### Work item
What you return should be only the lines in the entries below between the one holding "LEAP-One crosses the" and the one holding "Person wearing light", ends included, with every picture left out.

### Input material
- Opening Delimiter -

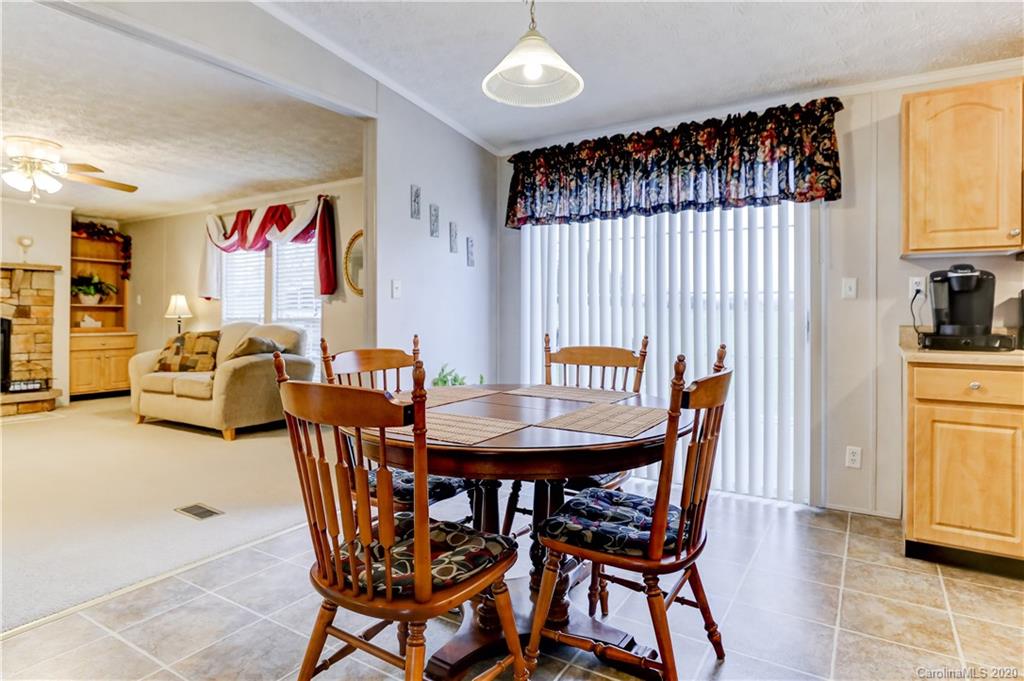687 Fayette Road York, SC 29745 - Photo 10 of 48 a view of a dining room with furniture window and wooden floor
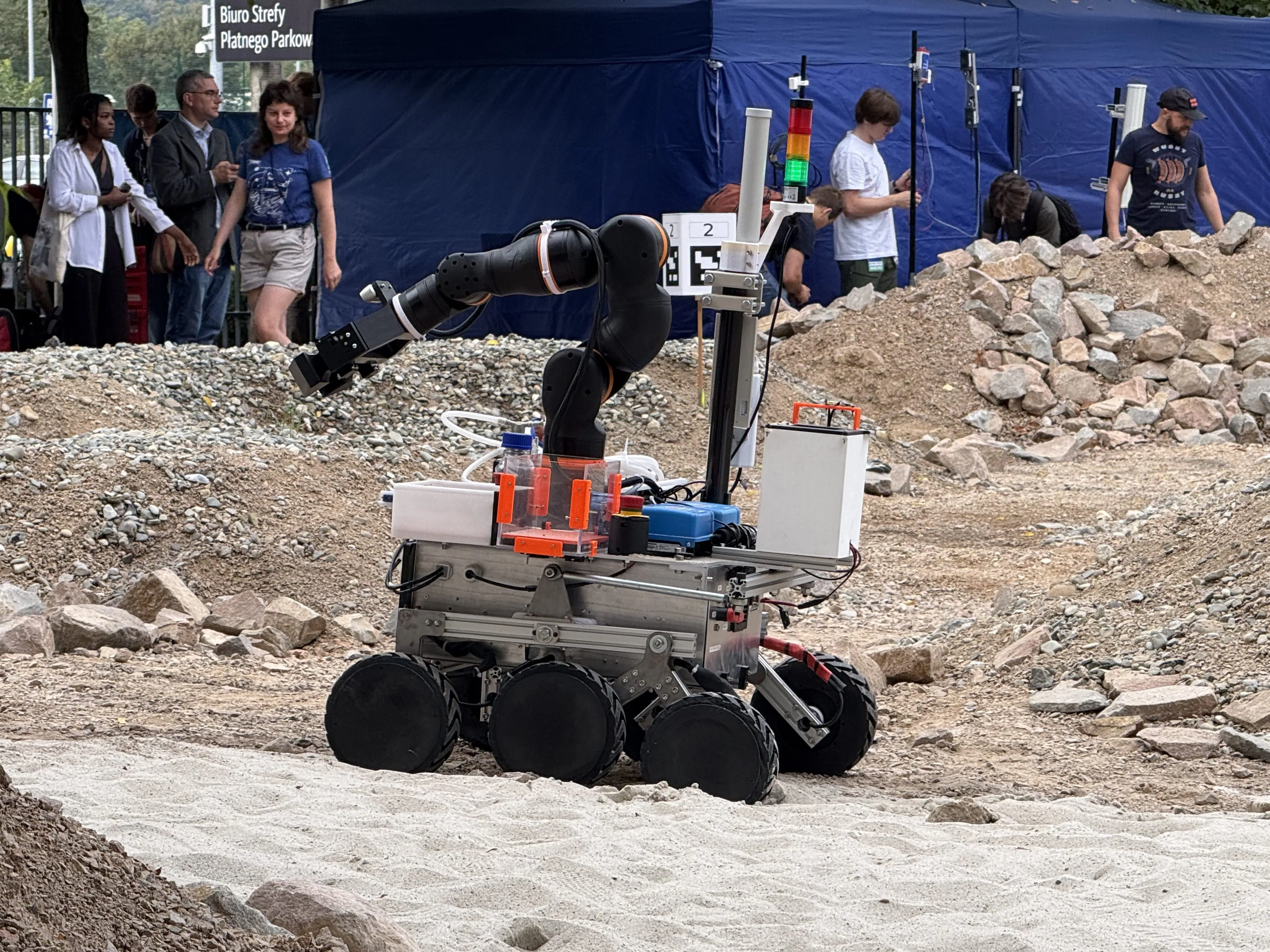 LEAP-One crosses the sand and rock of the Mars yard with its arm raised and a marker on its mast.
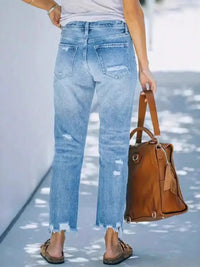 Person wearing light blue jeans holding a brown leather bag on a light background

- Closing Delimiter -
- Opening Delimiter -

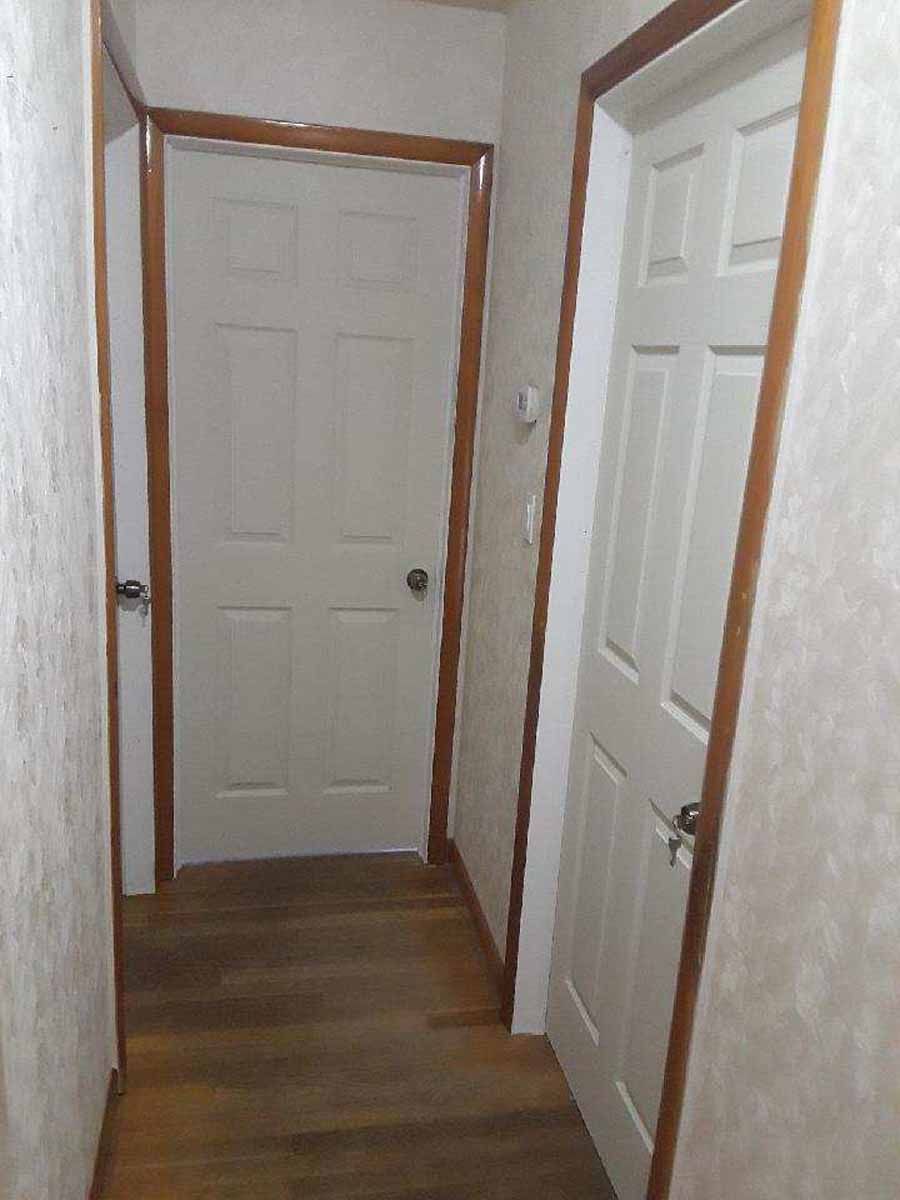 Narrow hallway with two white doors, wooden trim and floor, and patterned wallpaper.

- Closing Delimiter -

### Output below
 LEAP-One crosses the sand and rock of the Mars yard with its arm raised and a marker on its mast.
 Person wearing light blue jeans holding a brown leather bag on a light background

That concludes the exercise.